Temporal performance of inter-PC communication. Top row: Distribution of the lag between sending a request from the presentation PC and receiving gaze position data from the recorder PC. Bottom row: Intervals between requests for current gaze position. The ideal interval was equal to the interframe interval of the LCD (16.67 ms, indicated by a vertical dashed line)

In summary, the difference between the mean intersample time interval and the ideal interval was less than 0.1 ms in both hardware setups tested in Experiment 1. The present findings confirm that temporal accuracy was adequate for research on eye movements.
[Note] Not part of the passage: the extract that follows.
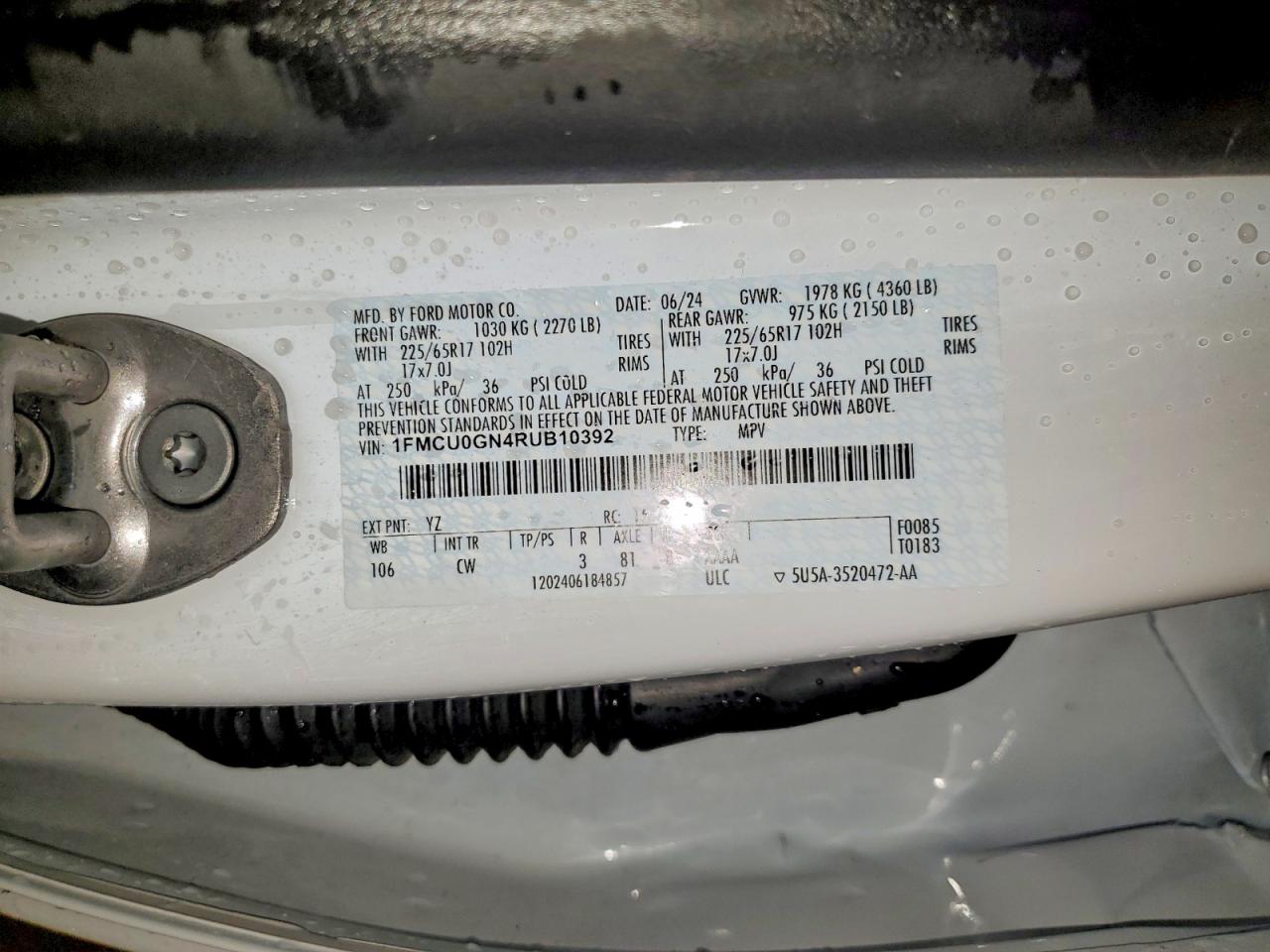 Ford Escape Active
Ninety-nine percent of intersample intervals fell within approximately ±0.3 ms from the ideal interval; however, several samples were lost when the data were recorded by a PC that was not designed for lab use (hardware set 1a). To prevent the loss of samples, a higher quality PC is necessary. Communication between the recorder PC and presentation PC was rapid enough to transfer current gaze position prior to each time stimuli were drawn on the presentation PC at the refresh rate of 60 Hz.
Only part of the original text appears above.